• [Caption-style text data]
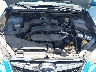JF2GPABC3G8****** Repairable 2016 Subaru Crosstrek in Clearwater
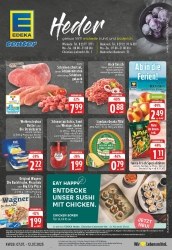 Edeka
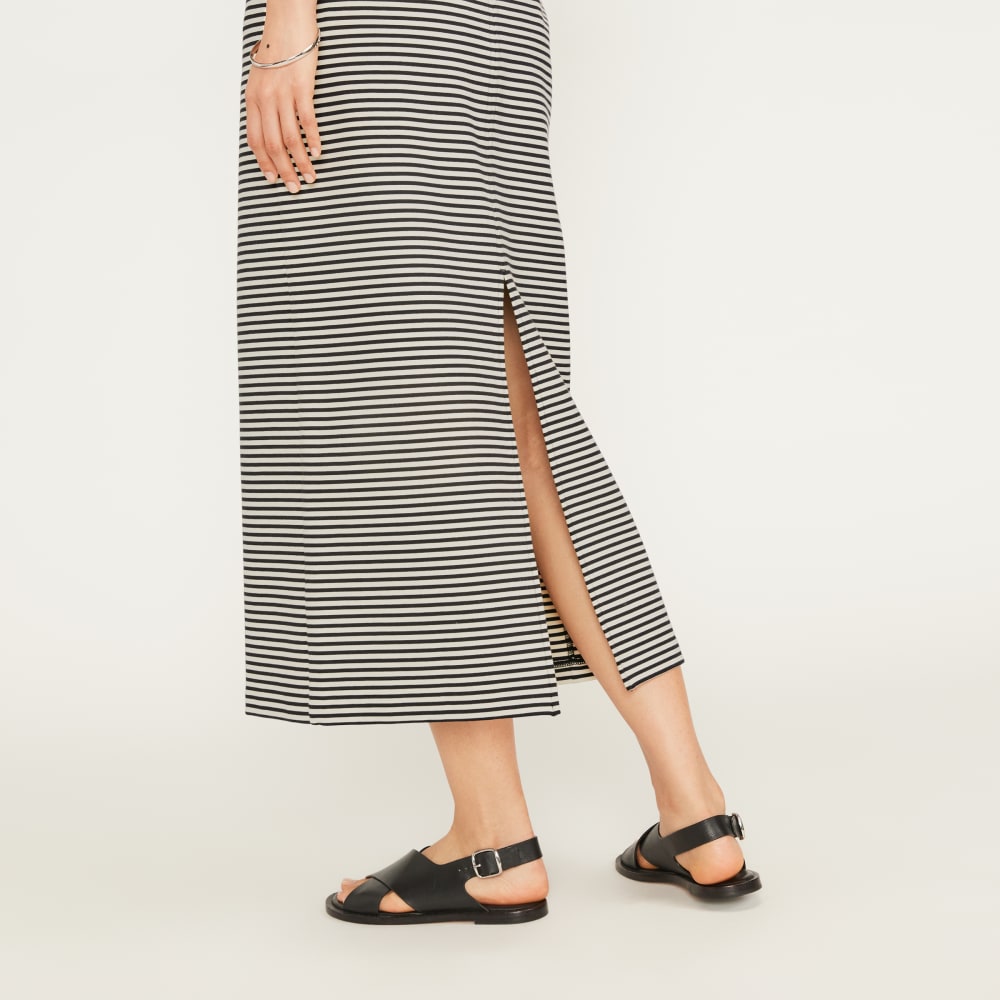 womens-dream-maxi-skirt-parchment-black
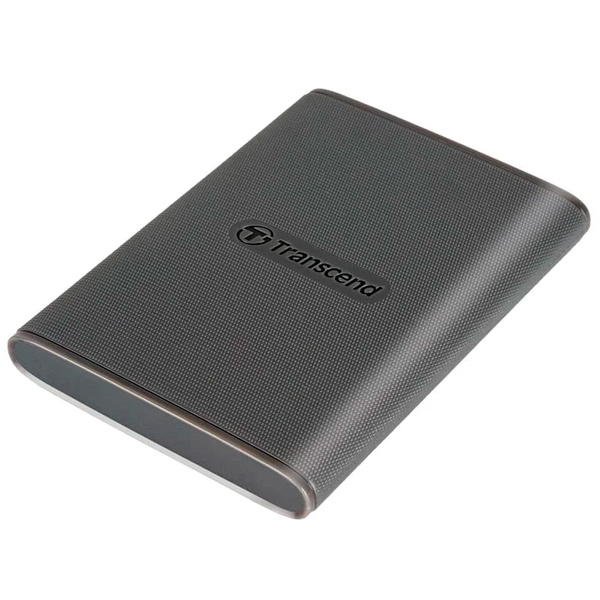Внешний SSD Transcend / 2TB / TS2TESD360C - фото 2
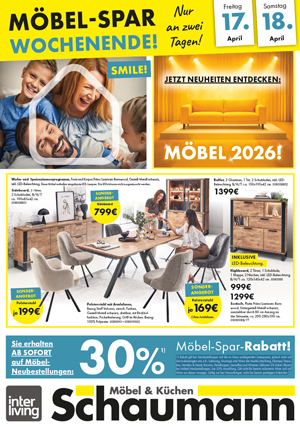 kw16_sparrabatt_prospekt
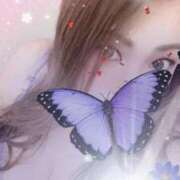 ヒメ日記 2025/02/11 23:55 投稿 碧【あおい】 丸妻 西船橋店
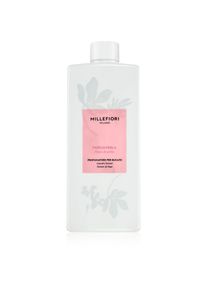 Millefiori Milano Laundry Fiori Di Perla concentrated fragrance for washing machines 250 ml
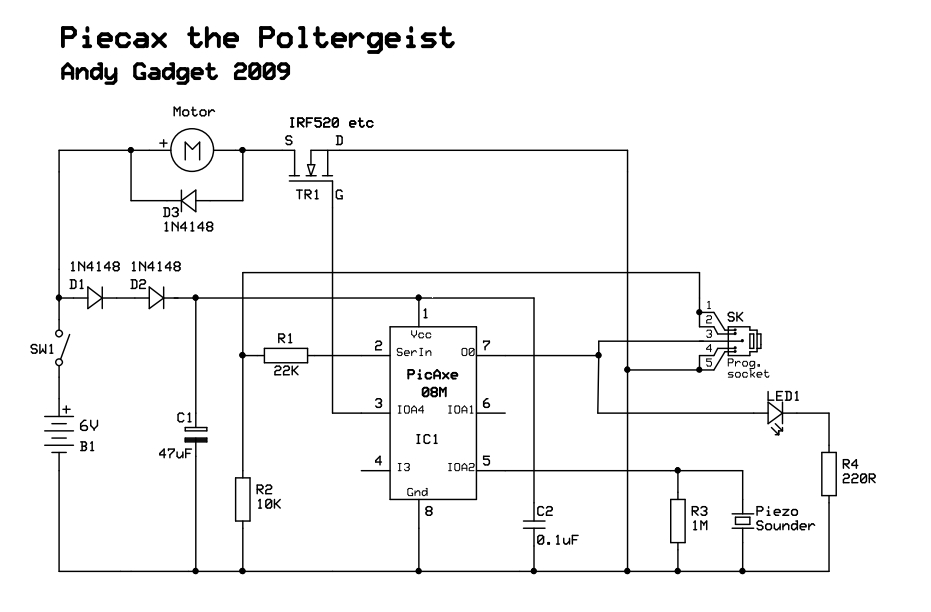 Schematic.jpg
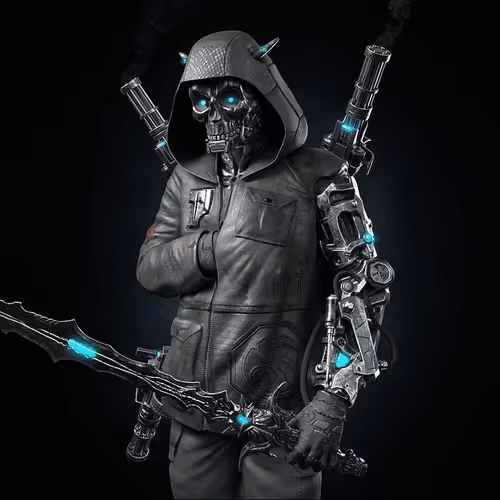 Item #70552690181020935678890524239897569727077588640215351181988205968081484251137 Media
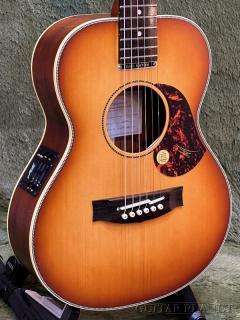 EMD6 Diesel Special  ~Mini Maton Series~   ＃17720【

• [YOUR INSTRUCTIONS] The entries above are to be repeated exactly, except for any pictures.

• [EXERCISE SOLUTION]
JF2GPABC3G8****** Repairable 2016 Subaru Crosstrek in Clearwater
 Edeka
 womens-dream-maxi-skirt-parchment-black
Внешний SSD Transcend / 2TB / TS2TESD360C - фото 2
 kw16_sparrabatt_prospekt
 ヒメ日記 2025/02/11 23:55 投稿 碧【あおい】 丸妻 西船橋店
 Millefiori Milano Laundry Fiori Di Perla concentrated fragrance for washing machines 250 ml
 Schematic.jpg
 Item #70552690181020935678890524239897569727077588640215351181988205968081484251137 Media
 EMD6 Diesel Special  ~Mini Maton Series~   ＃17720【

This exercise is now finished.